Nobody was better at this game than Sumner. As the day wore on, the festivities progressed two blocks down the street to the Copley Plaza Hotel, Mickey and Sumner’s former residence, where Sumner was on hand to fete Hill a second time, this time at a Warner Bros. movie premiere.2 Sumner seemed determined to show Hill a good time. He and Delsa decided to stay overnight in the hotel after the party, and they reserved a corner suite on the third floor that, according to one witness, adjoined the room where Hill was staying. Like Sumner, Hill was married. And like Sumner, the woman in the room with him that night was not his wife.
A little after midnight, they woke up to find smoke pouring under the door. In Sumner’s telling in his autobiography, he said it was the smell of smoke that woke him up. But Wittman said his mother told him just before she died in 2013 that “they got a call in the room that there was a fire in the hotel.” Delsa, naked, went for the window, but Sumner ran for the door. “Sumner, Sumner, don’t go to the door!” she cried. But it was too late. He opened it, and flames engulfed him.

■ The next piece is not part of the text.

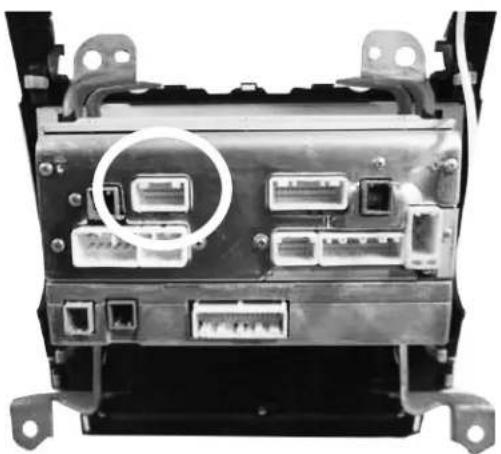 PAC CAM-TY11 - Illustration / Schematic - 1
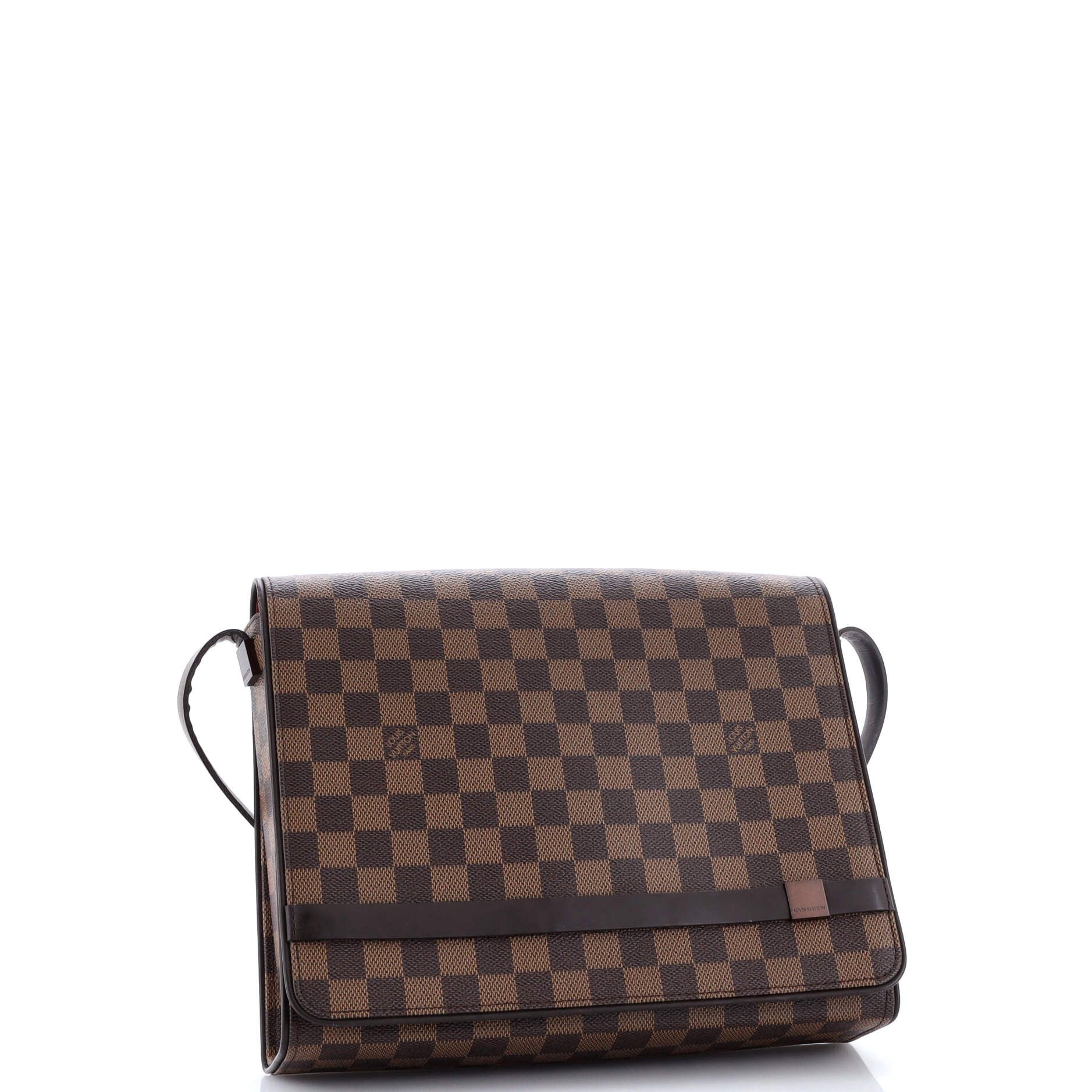 Louis Vuitton Tribeca Carre Handbag Size ONE SIZE - 2 Thumbnail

Delsa, being younger and more athletic, was able to climb out the window and onto a ledge, where she was rescued, suffering only smoke inhalation and minor injuries. “Only her right thumb was burned black,” Wittman said. Sumner, meanwhile, was enveloped in flames. “The fire shot up my legs. The pain was searing. I was being burned alive,” he wrote.3 In Sumner’s version, which makes no mention of another person in the room, he opened a window and climbed out onto a tiny ledge, holding on to the window as the flames burned through his right hand and arm. By the time the fire department rescued him, he had burns on 45 percent of his body. Both were taken to Boston City Hospital. Delsa was listed in stable condition while Sumner was put on the “danger list.”4
The guest of honor that evening was not so lucky. Roger Hill’s body was found in the hallway, along with the body of twenty-eight-year-old Patricia Mulcahy, a recent transfer to Boston from Warner Brothers’ Minneapolis distribution office. Mulcahy had just quit her Warner Bros. job the week before for a better one traveling overseas but had been at the hotel that night because friends had called her and encouraged her to come to the premiere party. “I talked to her that evening, before she went the party, and she was so excited,” said her mother, Virginia Mulcahy. “She said, ‘Mom, I can’t talk to you any longer because I’m going to this big party and the taxicab is going to come and pick me up.’”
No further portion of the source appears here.